Background: Waldenström macroglobulinemia (WM) is a rare, indolent B-cell lymphoma characterized by bone marrow (BM) infiltration of lymphoplasmacytic cells and secretion of monoclonal IgM. A defining feature of WM is its hybrid phenotype, with tumor cells displaying varying degrees of differentiation from B cells to plasma cells (PCs). However, the extent of clonal complexity and cellular heterogeneity within individual patients remains poorly understood. Traditional bulk sequencing approaches lack the resolution to disentangle this intra-tumoral diversity. To address this limitation, we employed paired single-cell RNA sequencing (scRNA-seq) and B-cell receptor sequencing (scBCR-seq) to comprehensively dissect the transcriptional states, clonal architecture, and differentiation trajectories of WM and its precursor conditions.

Methods: We analyzed 72 fresh BM aspirates and 1 peripheral blood sample from 70 patients spanning IgM monoclonal gammopathy of undetermined significance (MGUS, n=2), smoldering WM (SWM, n=12), untreated symptomatic WM (n=13), treated WM (n=43), and WM-transformed diffuse large B-cell lymphoma (DLBCL, n=3). Each sample was evenly divided for parallel CD19⁺ and CD138⁺ selection to isolate B cells and PCs. Both populations were used to generate cDNA libraries for 5' scRNA-seq and scBCR-seq. Data processing followed established pipelines (Dang et al., Cancer Cell, 2023). Mutation status for MYD88, CXCR4, TP53, DNMT3A, TET2, ASXL1, and IGLL5 was obtained from diagnostic testing, and treatment histories were documented for all previously treated patients.

Results: We profiled 636,244 high-quality cells, including 321,646 B cells and 314,598 PCs. scBCR-seq data were recovered for 606,928 cells, of which 520,201 had paired transcriptomes. Clonotypes were categorized as monoclonal (≥5 cells), polyclonal (<5 cells), or undetected. Unsupervised clustering identified nine B-cell populations, including five precursor clusters (progenitor, proliferating progenitor, precursor, proliferating precursor, and immature), as well as naïve, activated, memory, and atypical B cells. Polyclonality predominated in early B-cell populations, while activated B cells were largely monoclonal. Among PCs, we identified seven clusters: two polyclonal IgG populations, one transitional B cell-like cluster, two proliferating clusters, and two IgM clusters. Most PC clusters, excluding the IgG ones, were monoclonal. All samples harbored both monoclonal B cells and PCs, often representing different stages of the same clone.

scBCR-seq enabled identification of V(D)J usage and CDR3 sequences, revealing multiple monoclonal populations (with clone size > 50) in ~40% of samples. MGUS samples showed the highest clonal diversity (median = 4 clones), followed by SWM (median = 2.5) and WM/DLBCL (median = 1). Within individual patients, distinct clones exhibited divergent transcriptional profiles and differentiation states, ranging from B cell-like to PC-like. MGUS clones were largely PC-dominant (median = 92.1% PCs), while SWM clones had a more B cell-dominant phenotype (median = 39% PCs). In symptomatic WM, PCs fractions within clones increased (median = 63.3%) compared to SWM (p = 0.039), with a further increase following treatment (median = 94.6%, p = 1.2e-07 vs. SWM).

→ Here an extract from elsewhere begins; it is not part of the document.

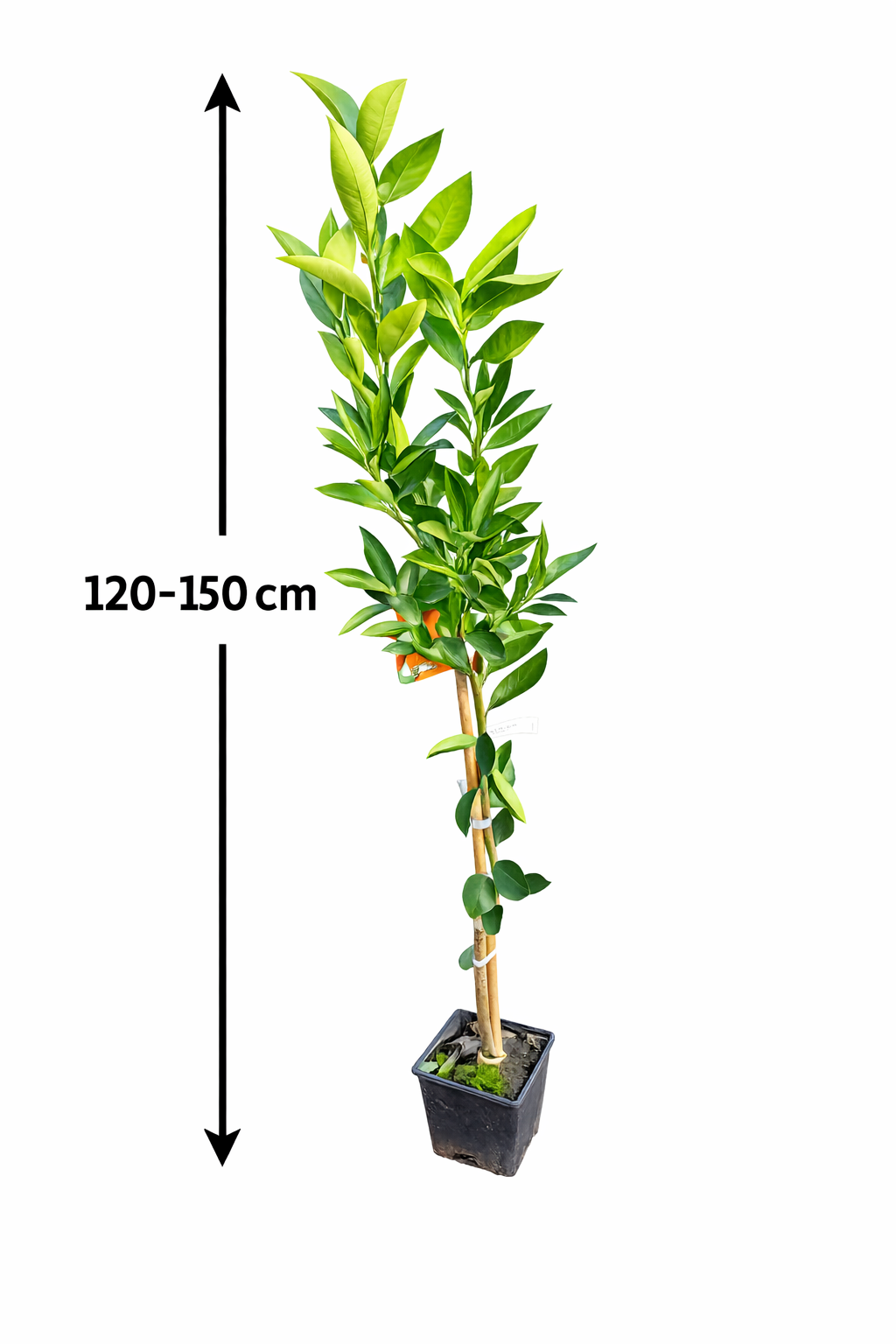 Citroník Clementine Spinoso (120-150 cm) – Sladká klementinka pro vaši zahradu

Notably, TP53-mutant clones in untreated WM patients exhibited significantly higher PC fractions than TP53 wild-type clones (97% vs. 48%, p = 0.00054), suggesting a potential link between genetic lesions and plasma cell differentiation bias.

Conclusions: This study presents the most comprehensive single-cell analysis to date of clonal and cellular heterogeneity in WM and its precursor stages. Our data reveal that multiple monoclonal populations frequently coexist within the same patient, each exhibiting distinct transcriptional profiles and differentiation states. These clones typically comprise a mixture of B cells and PCs, reflecting a complex and dynamic cellular landscape. Notably, we observed a stage-specific shift in clonal composition—from PC-dominant clones in MGUS, to B cell-dominant clones in SWM, and back toward PC-enriched clones in symptomatic WM and following treatment. These findings underscore the importance of dissecting clonal architecture and phenotypic plasticity in WM to better understand disease progression, therapeutic resistance, and potential vulnerabilities.